You may find more information about the kinds of works that are being done in NeuroAILab in these slides.
Dimensionality of Intermediate Representations of Deep Neural Networks with Biological Constraints
It is generally believed that deep neural networks and animal brain solve a vision task by changing the dimen-sionality of input stimuli across deep hierarchy. However, so far the evidence shows that in object recognition task, deep neural networks first expand and then compress the dimensionality of stimuli, while primate brains do the opposite and first compress and then expand the dimensionality of stimuli across deep hierarchy. In this project, it is shown that if two biological constraints - namely the non-negativity of activities and energy efficiency in both activities and weights - are imposed on deep neural networks - the trend of dimensionality across deep neural networks and primate brain matches to each other and in both of these cases the dimension- ality of stimuli is first compressed and then expanded. This result shows that how neuroscience can help better understanding in artificial intelligence.
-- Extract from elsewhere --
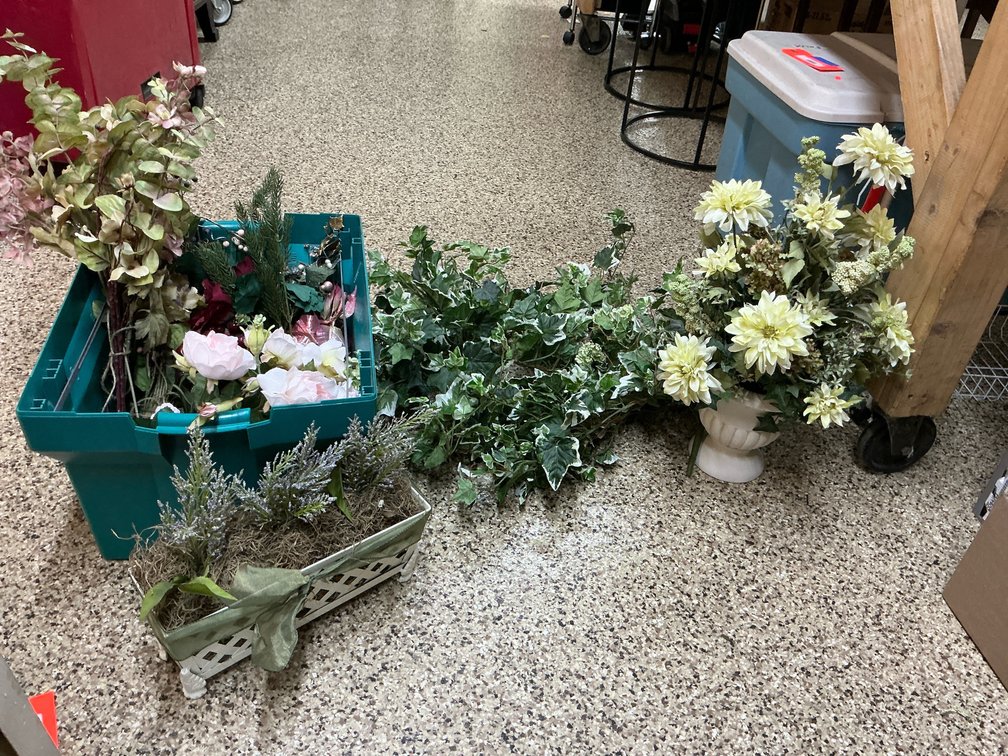 Artificial floral arrangements & greenery with storage tote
Code: https://github.com/aslansd/neuroinspired-vision
Slide: https://drive.google.com/file/d/12LeMcfJXpwQBZGZT_LApU8G6Y-H-8ctE/view?usp=drive_link
Future Project:
1) Measuring the inner workings and internal representations in the energy-based networks through top-down theory of prospective configuration realized in the predictive coding networks and in the bottom-up theory of prospective coding realized via physical principle of neuronal least-action.
2) Building affordable analog neuromorphic hardware devices via low-cost ordinary electronic components.